In Thomas Nashe's Address to the gentlemen students of both universities, prefixed to Robert Greene's Arcadia (1587), Roydon is mentioned with Thomas Achlow and George Peele as leading London poets. Francis Meres, in his Palladis Tamia (1598), describes Roydon as worthy of comparison with the great poets of Italy. Apart from his elegy on Sidney, the only other compositions by Roydon in print are some verses before Thomas Watson's Sonnets (1581), and before Sir George Peckham's True Reporte (1583). Martin Garrett writes that Roydon "was associated at various times with Spenser, Marlowe, and Chapman", and quotes Nashe, prefacing Greene's Menaphon (1589), in saying that Roydon "hath shewed himselfe singular in the immortall Epitaph of his beloved Astrophell, besides many other most absolute Comike inventions". According to Garrett:

If the epitaph was the same as the elegy, and if it was not revised between composition and publication, it constitutes the earliest known account of Astrophil and Stella. As in Spenser's elegy-as a source of which it should perhaps be classed-the boundary between Sidney and Astrophil, life and work, is unclear and Stella idealized rather than 'identified'... The 'Elegie' was first published with those of Ralegh and Dyer, in The Phoenix Nest (1593), and then in the Astrophel collection.
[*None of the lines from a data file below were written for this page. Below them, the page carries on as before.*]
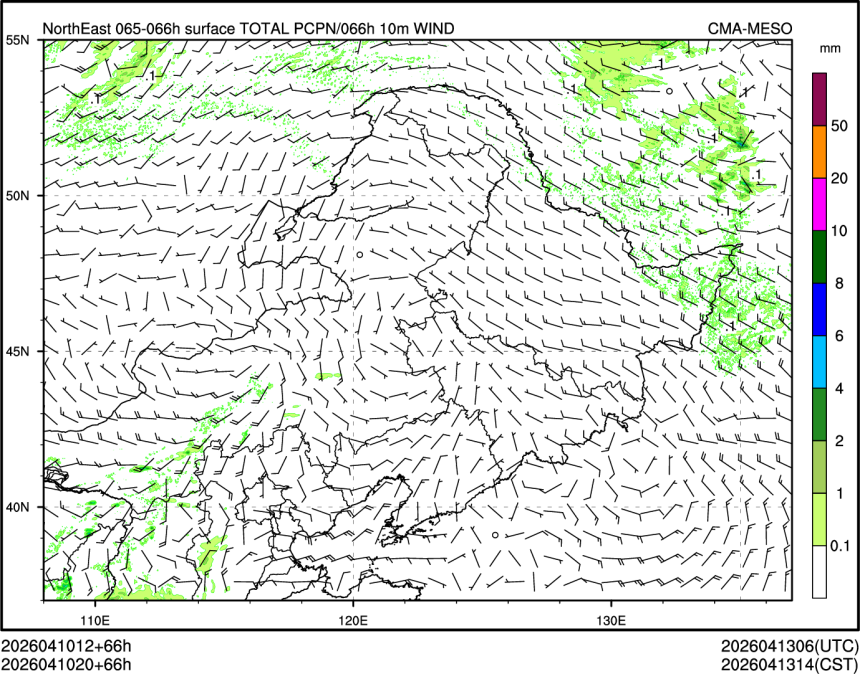 04/10 20时 +066小时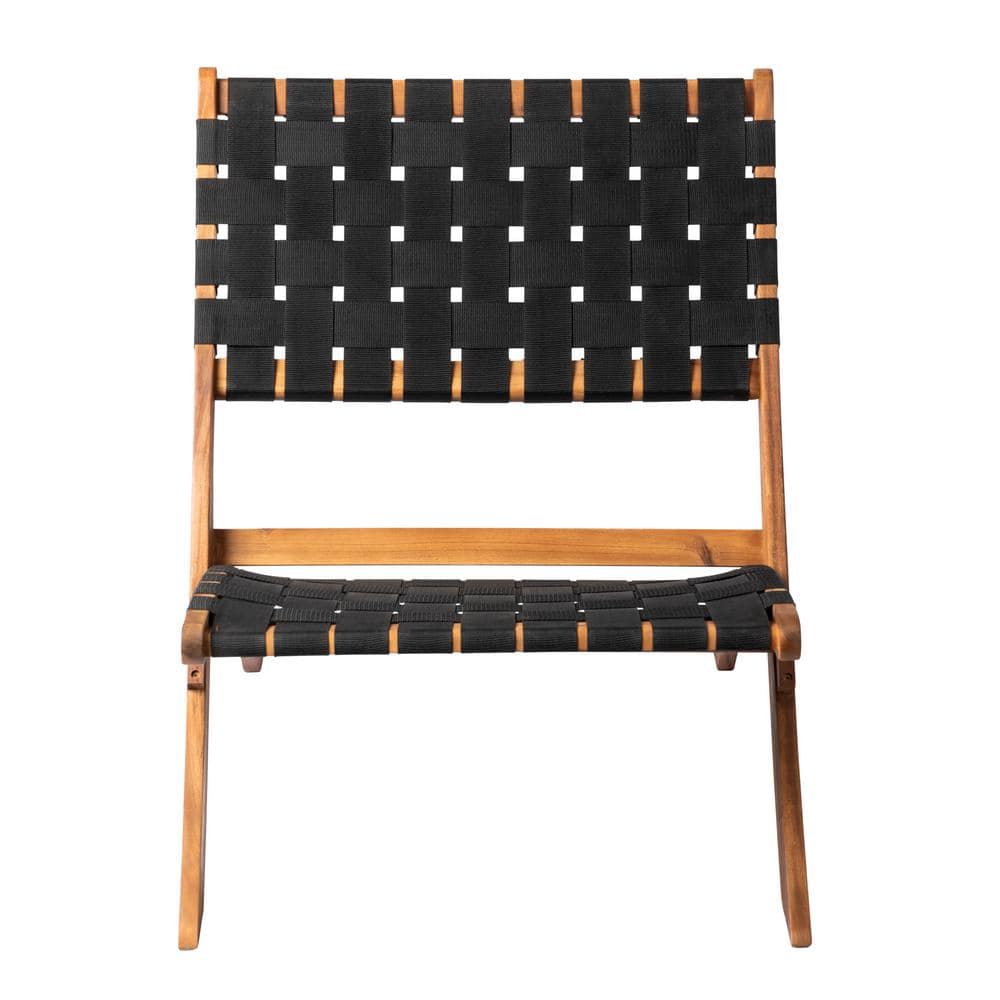 Sava Natural Acacia Wood Folding Outdoor Chair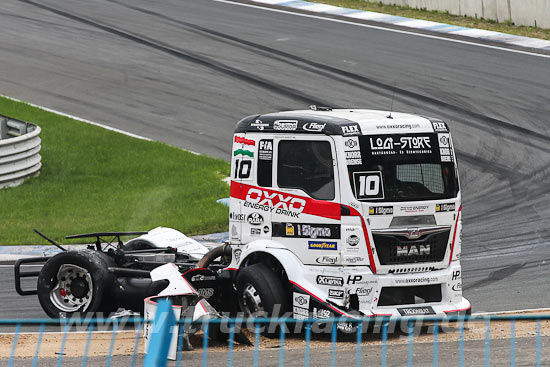 Truck Racing Smolensk 2013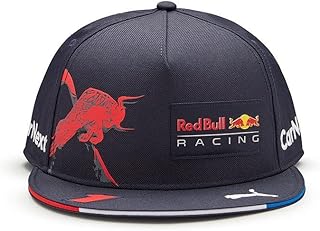 Marchandise officielle formule 1 - chapeau à bord plat max verstappen 2022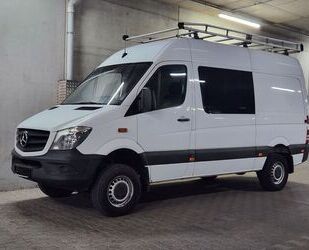 Mercedes-Benz Mercedes-Benz Sprinter Mixto 314 4X4 Navi Standhei Gebrauchtwagen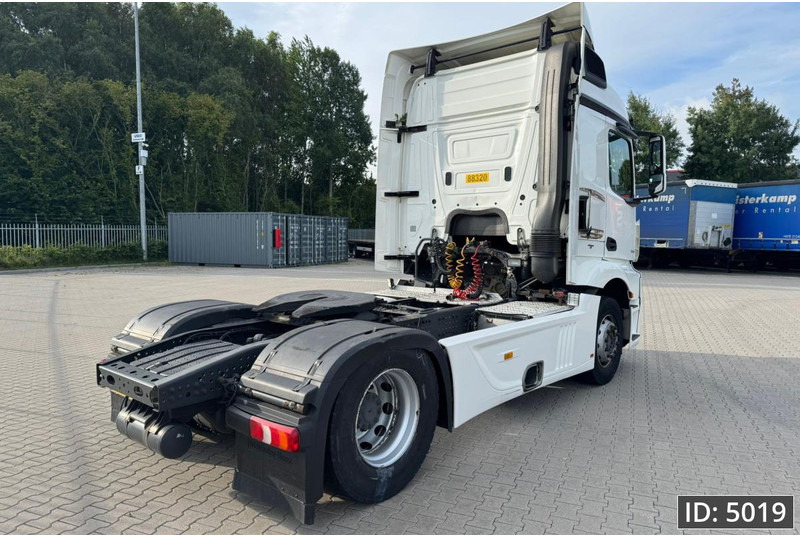 Mercedes-Benz Actros 1842 StreamSpace, Euro 6, / Streamspace / 9 Pieces - Tegljač: slika 3 Mercedes-Benz Actros 1842 StreamSpace, Euro 6, / Streamspace / 9 Pieces - Tegljač: slika 3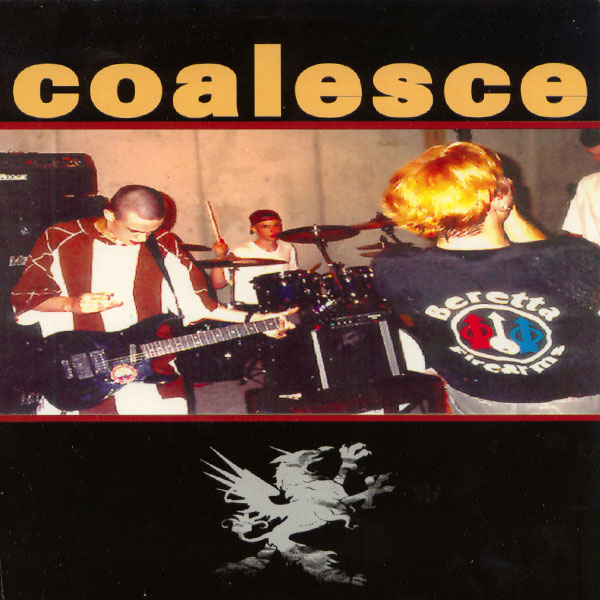 COALESCE - On Their Behalf / The Harvest Of Maturity cover 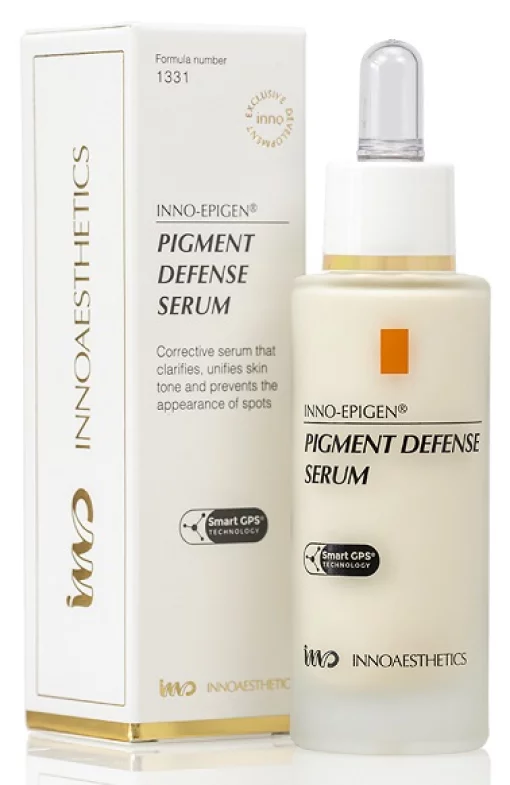 Сироватка для освітлення шкіри Innoaesthetics Epigen Pigment Defense Serum, 30 мл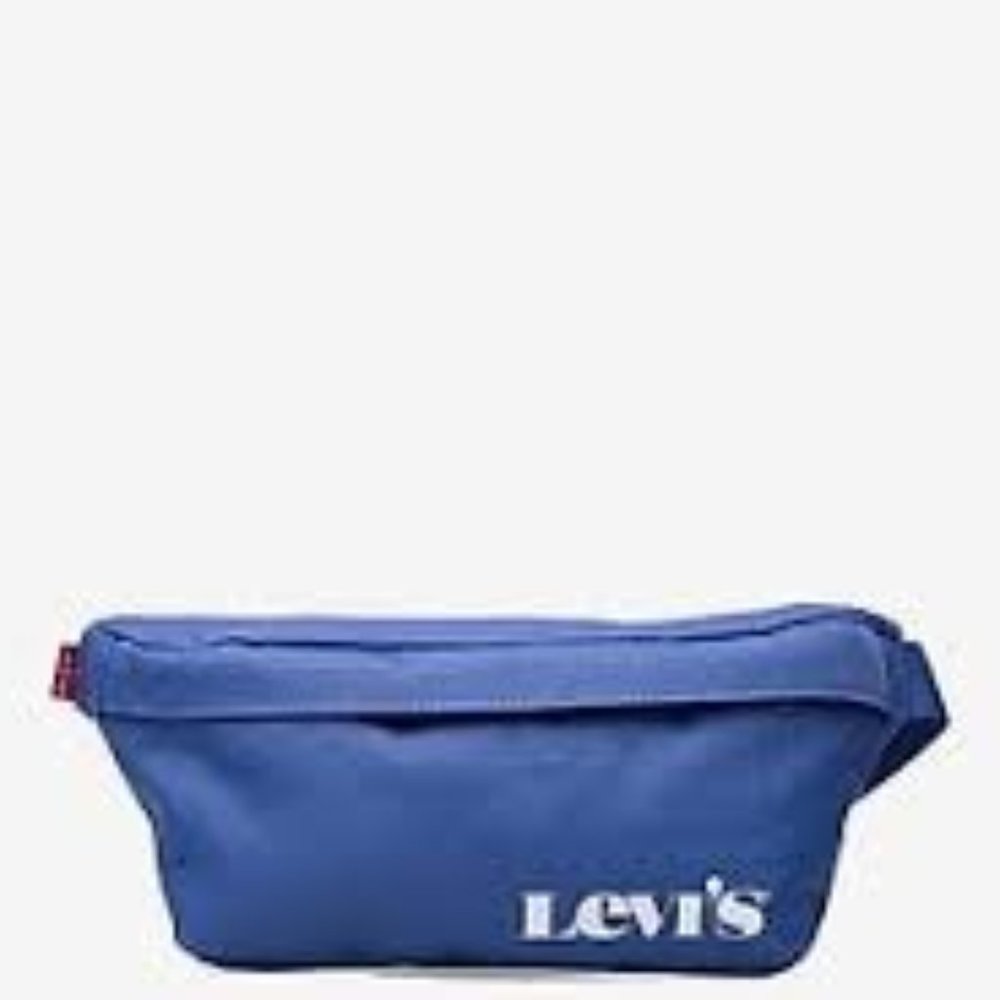 Levi's Vintage Small Sling Bag Pouch in Jean Blue New in Package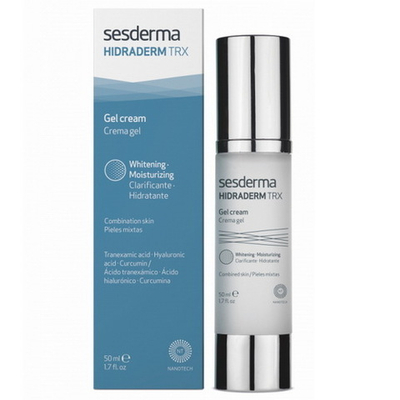 Hidraderm TRX Gel Cream Sesderma | Крем-гель увлажняющий для лица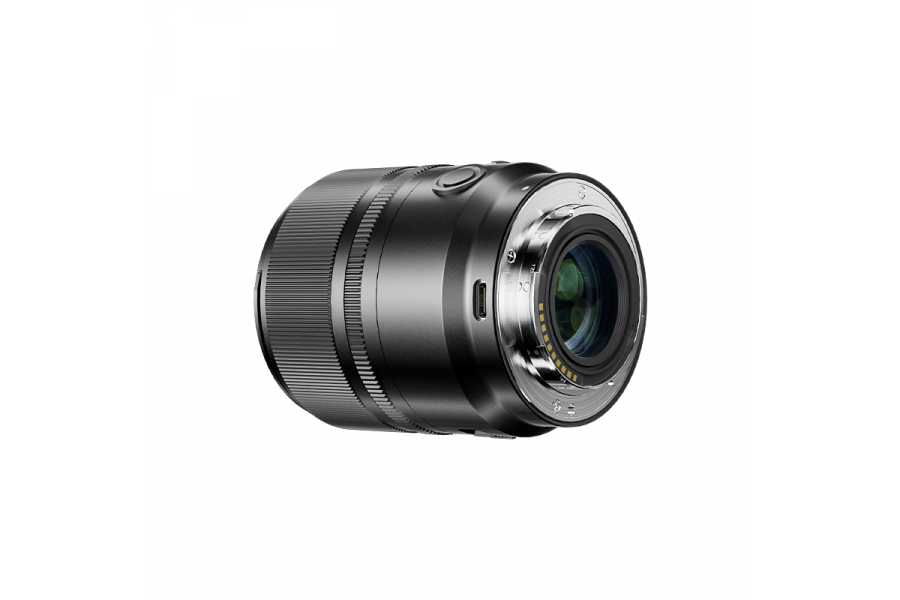 Объектив YongNuo 23mm F1.4 S DA DSM WL Pro Sony E, черный, металл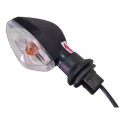 Pisca Dianteiro Direito Honda Cg 160 16/24 Detalhes 57391 Preto
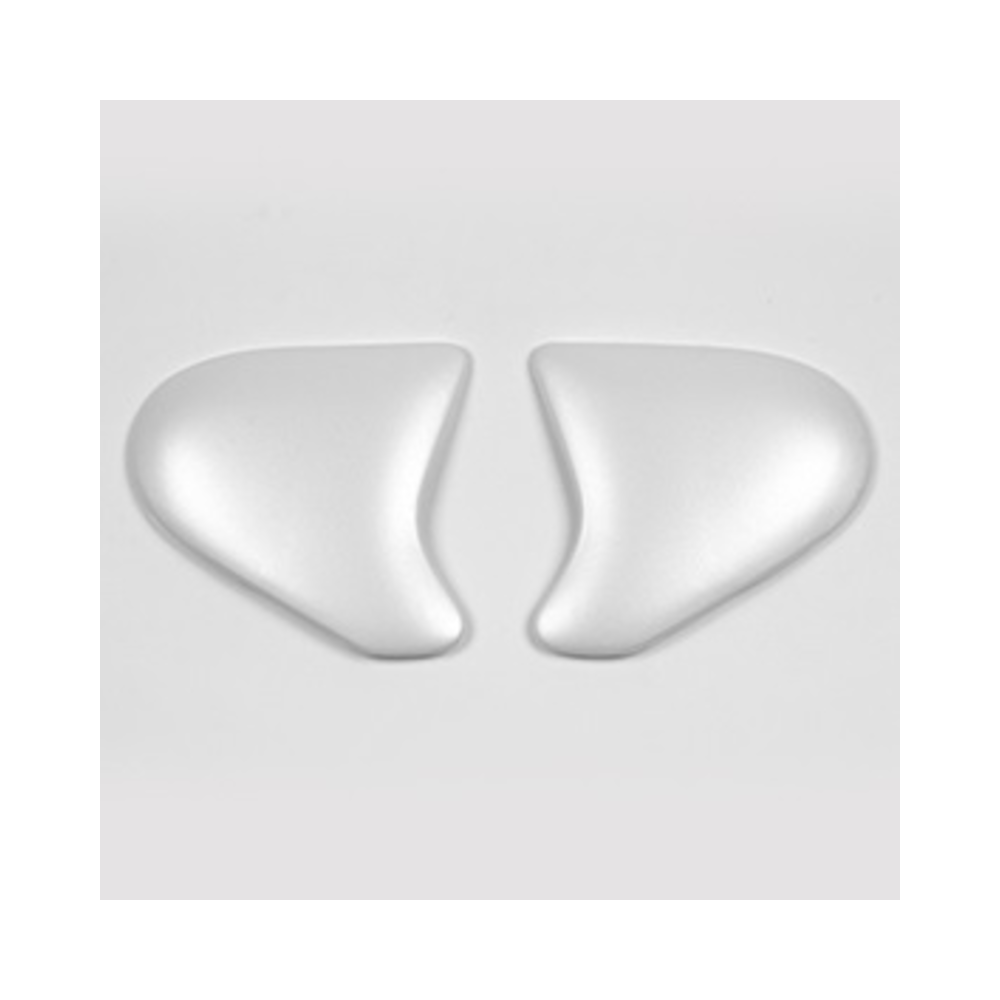 Platine écran ARAI SZ-F Frost White ARAI 1 - AVSmoto Racing Parts 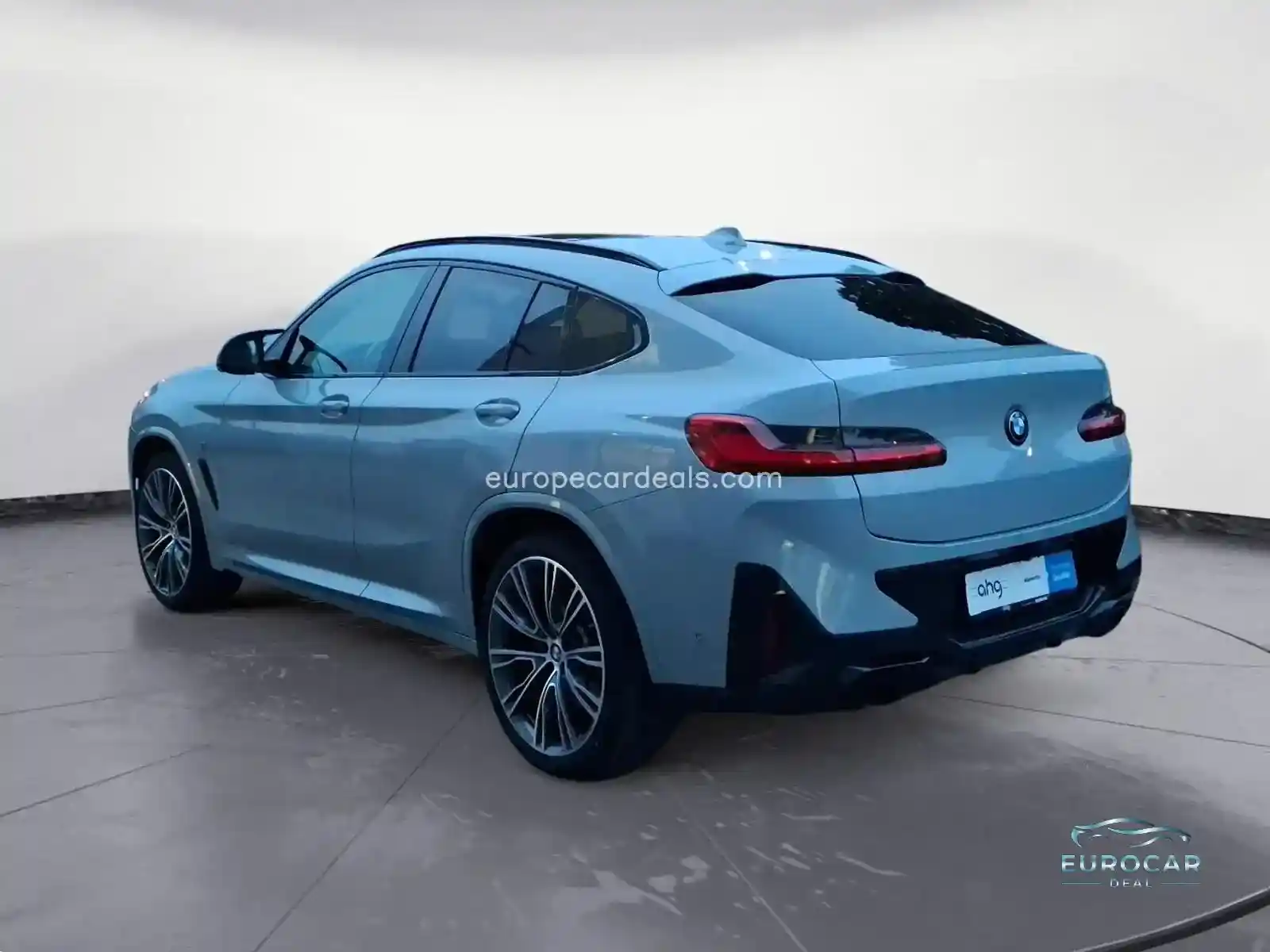 BMW X4 M40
— Martin Garrett, Sidney: The Critical Heritage (1996) p.105-6.

== Fiction ==
In Deborah Harkness's novel Shadow of Night, the character Matthew de Clermont, a vampire, is revealed to have been, in the Elizabethan era, Matthew Roydon of the School of Night. In The Marlen of Prague: Christopher Marlowe and the City of Gold, a historical fantasy by Angeli Primlani, Roydon appears as one of the Queen's mages.